Syria's ambassador to the United Nations, Bashar al- Jaafari, was heading the government delegation for the four days of meetings with members of the domestic "tolerated" opposition, the National Coordination Committee for Democratic Change (NCCDC).
The talks were to begin at 1430 IST, a source close to the negotiations told Russia's Interfax news agency.
But the main Western-backed exiled Syrian opposition National Coalition stayed away, and another leading domestic opposition activist remains under a travel ban from Damascus.
They follow a similar round of meetings between the government and officially tolerated opposition in Moscow in late January that failed to make any concrete progress towards resolving the deep-rooted conflict.
The sit down is the first since some of the key international players in the crisis thrashed out an outline deal over Iran's nuclear programme and US Secretary of State John Kerry refused to rule out speaking to Syrian President Bashar al-Assad.
Ahead of the meeting a source close to Syrian government delegation told AFP that the delegations "will only discuss 'soft' subjects on which agreement might be found."

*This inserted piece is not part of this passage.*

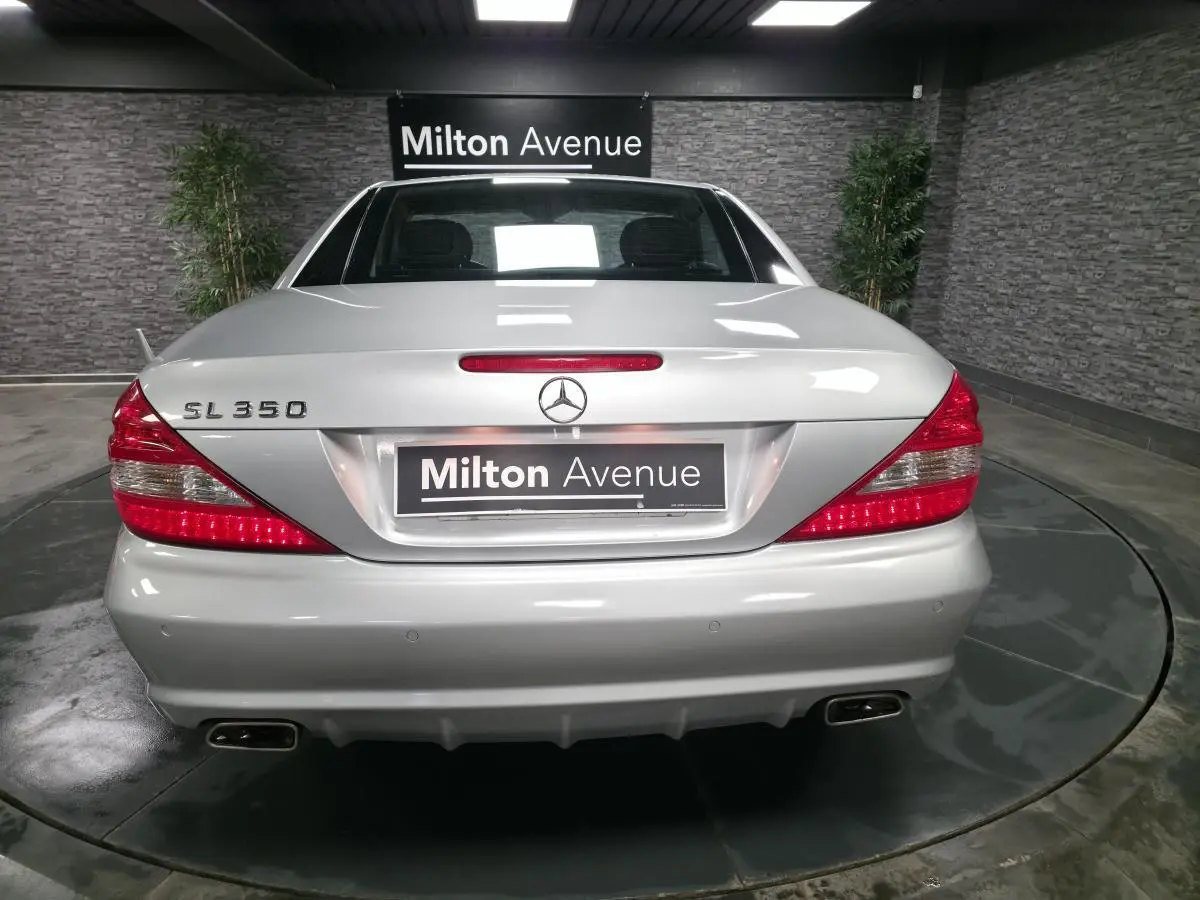 Vue arrière d'une Mercedes SL 350 gris clair, avec feux rouges allumés et double sortie d'échappement chromée.
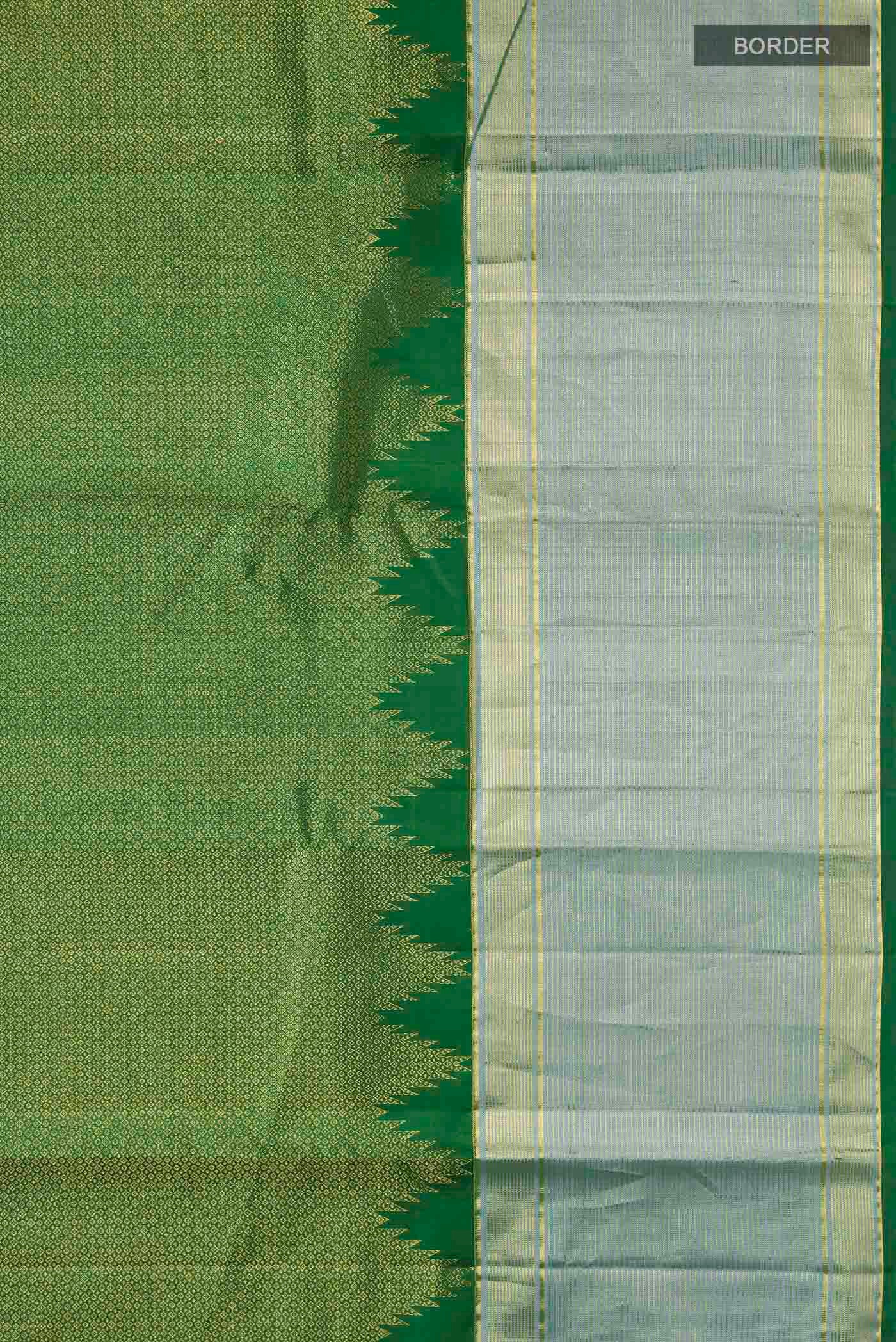 Border image of Green Kanchipuram Silk Saree with Zari Brocade on the body and Zari Border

"You cannot say that these consultations will have any major results," Russian Middle East expert Boris Dolgov told AFP.
"It is just one step, albeit important, on the path towards stopping the crisis in Syria."
Dolgov said that by hosting the talks Moscow -- a firm backer of Assad's regime -- was looking to boost its standing as a potential mediator while also seeking to curb the threat that radical groups such as Islamic State pose to its national security.